It is only a draft copy and I am sure that common sense will prevail and the mistakes will be corrected, but it doesn’t instil faith in the whole process. I desperately wanted to write something positive about this report, and it may be that all the cock ups occurred on the two stretches for which I am responsible, but for the two bits of bank that I bumble along it is inaccurate at best, inept at worst.

How much is this consultation costing the public purse?

The meeting that followed on from the draft publication was reasonably well attended, and ran through what happens next. Examples where given of what the ideal chlkstream should look like and at one point the leading lady suggested that if anyone needed guidance as to what the ideal is they should take a look of any bridge bordering bank that has been classified “conserve and enhance” and there ye shall find. The stretch of Itchen on which I walk has received this classification and the bridge at the top gives a clear view of the bank so expect a rush on pig iron in the coming months. The survey continues to peddle the myth of the miracle of “woody debris” which has the potential to become the monorail of The Simpsons season 4 episode 12, but for the first time I saw writ in “action to be taken to conserve the chalkstreams” a hint that all wood in the river may not be such a good thing.
You have to know what your about with woody debris, done well in the right spot it can undoubtedly help, done badly in the wrong spot it doesn’t and thousand plus word articles in the Angling Press urging all to fling timber willy-nilly into any river by those who proclaim to know better were irresponsible (I’m sorry I will not let that one go for a long time)

Advice on Willow management was muddled and one riparian owner eloquently highlighted the problems of meeting the different requirement of higher level stewardship schemes and managing the SSSI each of which called for conflicting management plans to be undertaken.
There was however sensible advice on changing angler expectation as to their chalkstream experience with regard to mowing and marginal growth.

We heard from the Environment Agency, Natural England, The Test & Itchen Association and the company of International repute, a complicated enough cabal that will be muddled further by an increased role for The Wild trout Trust. Strong leadership is required to prevent a repeat of “The people’s front of Judea” of Monty Python fame.

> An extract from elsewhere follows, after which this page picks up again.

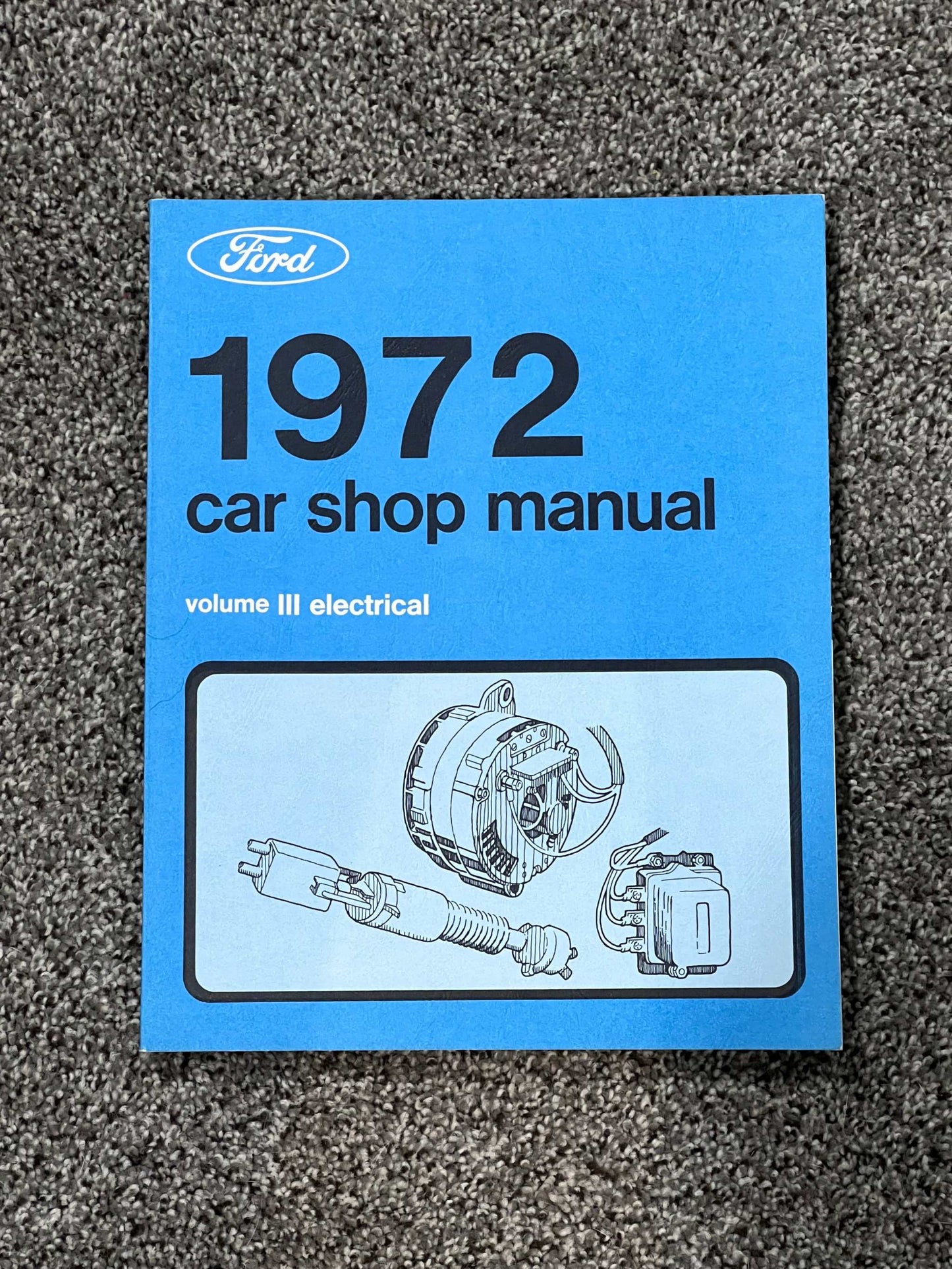 Ford 1972 Car Shop Volume III Electrical Manual Vintage NOS Restoration EX Condition Relic has been stored away safely for decades and ton of information for various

Most recognise the need to protect and improve the southern chalkstreams, they have taken a bit of a battering in recent times and need protection from diffuse pollution, over abstraction and much more besides. The Water Framework Directive and the push to improve the condition of SSSI’s promises to do this and should be encouraged, but if fundamental mistakes are made early on in the surveying process and the group charged with implementing the action are seen as a large unwieldy alliance it will fail, and Riparian owners and keepers who in my time have received contradictory advice to both remove fences from river banks and fence river banks, chop down trees and plant trees, received grants for the installation and renovation of hatches and sluices and been asked to remove hatches and sluices, will understandably question whether the advice being given is valid and return to practices of old, both good and bad.